▸ Required action:
Repeat exactly, and only, the lines from the one containing "A laptop, tablet, and" through the last line of the data below.

(Collected data entries)
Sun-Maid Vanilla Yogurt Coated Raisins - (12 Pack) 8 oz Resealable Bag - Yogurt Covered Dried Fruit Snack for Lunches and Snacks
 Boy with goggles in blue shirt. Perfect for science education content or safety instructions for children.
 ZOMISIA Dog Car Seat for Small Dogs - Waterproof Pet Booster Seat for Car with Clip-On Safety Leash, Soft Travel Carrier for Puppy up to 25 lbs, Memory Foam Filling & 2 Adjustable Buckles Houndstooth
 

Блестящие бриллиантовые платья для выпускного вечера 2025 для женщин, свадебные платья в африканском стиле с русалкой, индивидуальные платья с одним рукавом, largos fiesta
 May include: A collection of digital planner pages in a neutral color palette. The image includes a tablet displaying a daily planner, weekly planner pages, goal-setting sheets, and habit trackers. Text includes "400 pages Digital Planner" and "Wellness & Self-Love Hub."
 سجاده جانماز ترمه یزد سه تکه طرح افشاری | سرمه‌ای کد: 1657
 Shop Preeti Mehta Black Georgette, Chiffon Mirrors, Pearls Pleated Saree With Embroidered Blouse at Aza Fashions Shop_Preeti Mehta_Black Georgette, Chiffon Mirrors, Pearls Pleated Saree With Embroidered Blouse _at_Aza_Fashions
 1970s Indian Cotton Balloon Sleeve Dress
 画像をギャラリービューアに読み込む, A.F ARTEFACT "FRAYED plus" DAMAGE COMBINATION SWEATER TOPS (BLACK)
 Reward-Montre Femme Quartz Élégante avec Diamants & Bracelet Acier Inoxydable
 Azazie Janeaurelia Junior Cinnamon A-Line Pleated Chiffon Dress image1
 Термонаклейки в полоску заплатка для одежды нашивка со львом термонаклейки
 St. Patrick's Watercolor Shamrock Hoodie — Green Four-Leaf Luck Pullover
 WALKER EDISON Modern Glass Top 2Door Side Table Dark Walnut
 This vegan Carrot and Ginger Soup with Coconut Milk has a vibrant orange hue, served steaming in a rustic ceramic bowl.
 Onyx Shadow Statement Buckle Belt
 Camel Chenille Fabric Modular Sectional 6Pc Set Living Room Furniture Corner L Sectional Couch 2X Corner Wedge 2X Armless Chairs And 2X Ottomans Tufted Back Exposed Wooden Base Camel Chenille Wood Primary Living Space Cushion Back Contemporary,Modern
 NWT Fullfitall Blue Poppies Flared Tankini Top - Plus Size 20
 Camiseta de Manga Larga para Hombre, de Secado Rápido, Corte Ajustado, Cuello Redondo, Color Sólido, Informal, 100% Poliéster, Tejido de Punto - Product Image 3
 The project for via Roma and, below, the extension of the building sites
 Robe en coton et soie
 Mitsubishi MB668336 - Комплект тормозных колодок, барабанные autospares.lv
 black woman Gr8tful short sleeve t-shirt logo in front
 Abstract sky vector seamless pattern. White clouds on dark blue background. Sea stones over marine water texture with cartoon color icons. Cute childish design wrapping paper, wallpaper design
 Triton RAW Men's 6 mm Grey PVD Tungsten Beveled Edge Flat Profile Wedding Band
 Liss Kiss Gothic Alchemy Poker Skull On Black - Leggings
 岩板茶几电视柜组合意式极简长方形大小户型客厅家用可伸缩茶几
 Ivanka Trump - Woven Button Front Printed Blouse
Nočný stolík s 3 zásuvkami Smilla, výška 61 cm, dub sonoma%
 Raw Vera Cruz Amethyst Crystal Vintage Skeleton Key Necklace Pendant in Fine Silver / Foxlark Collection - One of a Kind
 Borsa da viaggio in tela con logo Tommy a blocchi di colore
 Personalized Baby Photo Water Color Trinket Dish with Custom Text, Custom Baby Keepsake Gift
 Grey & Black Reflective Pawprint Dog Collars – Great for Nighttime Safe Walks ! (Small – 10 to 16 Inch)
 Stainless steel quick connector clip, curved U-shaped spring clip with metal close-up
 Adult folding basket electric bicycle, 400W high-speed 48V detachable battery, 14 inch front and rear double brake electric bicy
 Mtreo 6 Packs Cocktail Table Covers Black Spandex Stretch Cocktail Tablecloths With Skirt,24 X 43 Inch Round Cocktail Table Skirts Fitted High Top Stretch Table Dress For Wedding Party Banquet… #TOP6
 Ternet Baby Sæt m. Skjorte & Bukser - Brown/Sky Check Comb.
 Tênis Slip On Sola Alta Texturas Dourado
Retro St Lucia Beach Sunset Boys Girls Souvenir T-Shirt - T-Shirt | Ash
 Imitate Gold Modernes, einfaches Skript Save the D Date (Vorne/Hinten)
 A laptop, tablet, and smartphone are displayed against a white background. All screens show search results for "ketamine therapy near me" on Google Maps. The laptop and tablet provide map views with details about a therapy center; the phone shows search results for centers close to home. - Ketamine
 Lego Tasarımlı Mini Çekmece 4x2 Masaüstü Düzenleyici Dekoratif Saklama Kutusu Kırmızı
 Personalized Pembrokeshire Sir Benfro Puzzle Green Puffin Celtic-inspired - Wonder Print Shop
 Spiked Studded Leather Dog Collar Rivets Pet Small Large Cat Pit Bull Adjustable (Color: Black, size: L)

▸ Response to this exercise:
 A laptop, tablet, and smartphone are displayed against a white background. All screens show search results for "ketamine therapy near me" on Google Maps. The laptop and tablet provide map views with details about a therapy center; the phone shows search results for centers close to home. - Ketamine
 Lego Tasarımlı Mini Çekmece 4x2 Masaüstü Düzenleyici Dekoratif Saklama Kutusu Kırmızı
 Personalized Pembrokeshire Sir Benfro Puzzle Green Puffin Celtic-inspired - Wonder Print Shop
 Spiked Studded Leather Dog Collar Rivets Pet Small Large Cat Pit Bull Adjustable (Color: Black, size: L)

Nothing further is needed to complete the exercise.